# Exercise objective
Repeat the data that follows verbatim. Images are not part of the copy.

# Recorded data
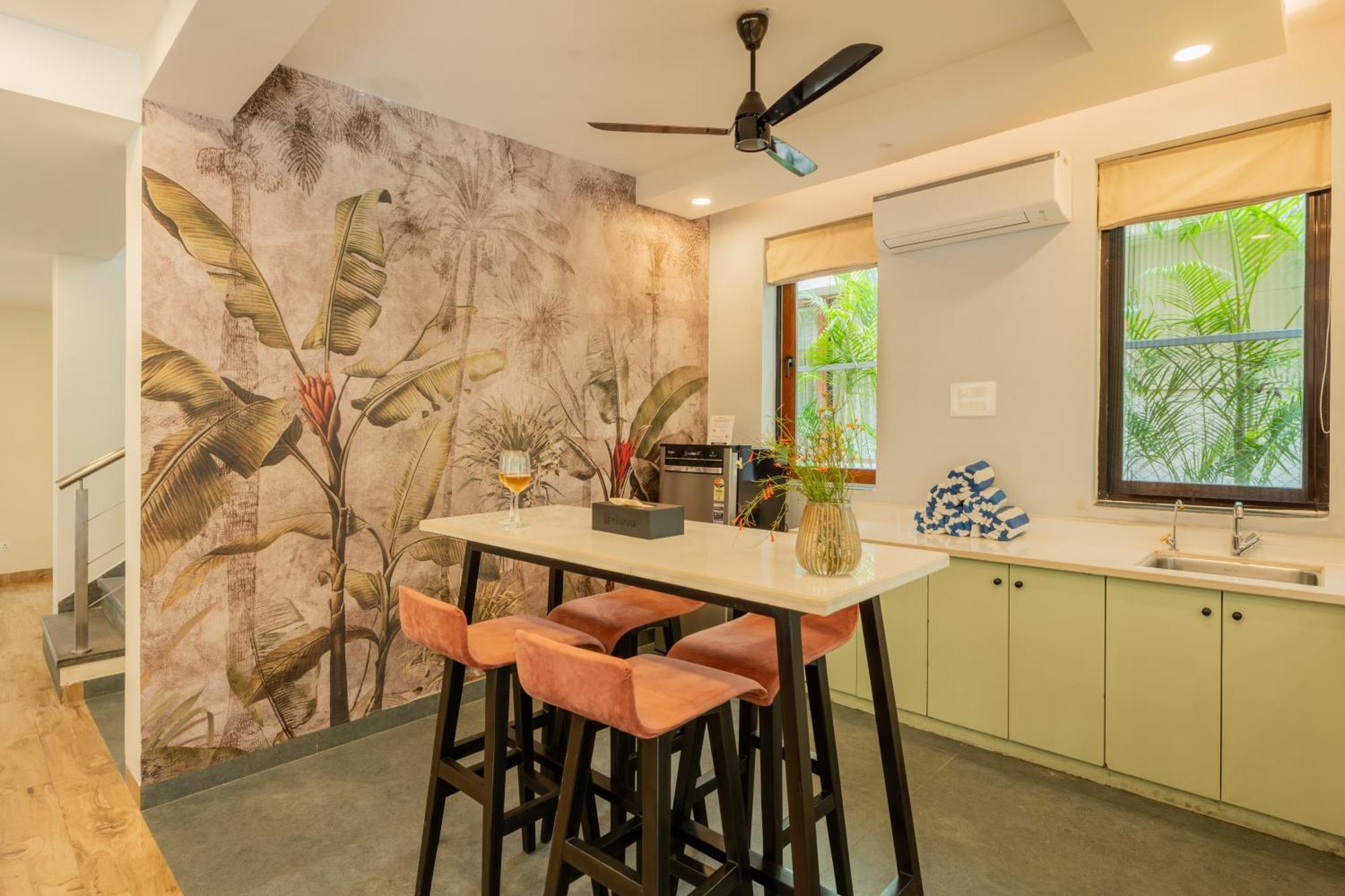 Elivaas 3 Bhk Pvt Pool & Bar - Villa Valerie Oxel Εξωτερικό φωτογραφία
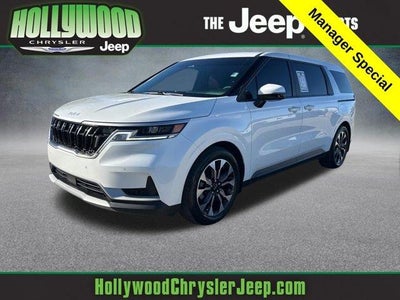 Photo of a 2023 Kia Carnival EX 4DR Mini-Van for sale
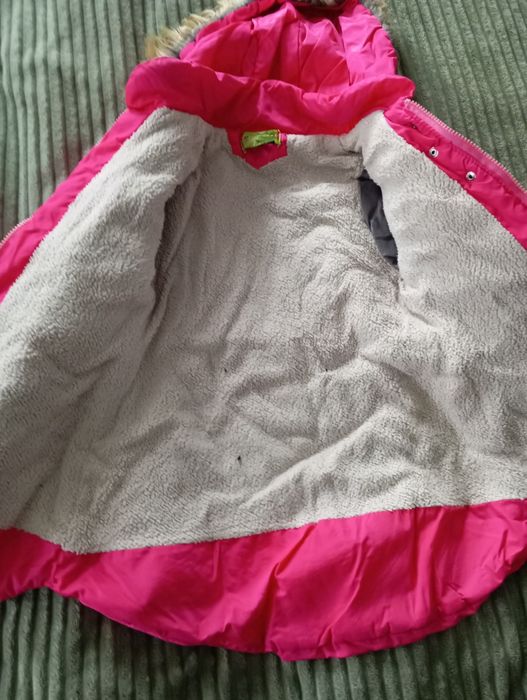 Дитяча парка для дівчинки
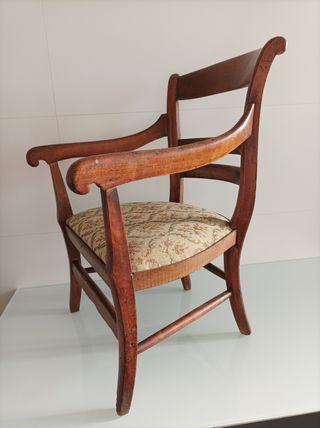 Antica poltrona per bambini in legno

# Worked solution
 Elivaas 3 Bhk Pvt Pool & Bar - Villa Valerie Oxel Εξωτερικό φωτογραφία
 Photo of a 2023 Kia Carnival EX 4DR Mini-Van for sale
 Дитяча парка для дівчинки
 Antica poltrona per bambini in legno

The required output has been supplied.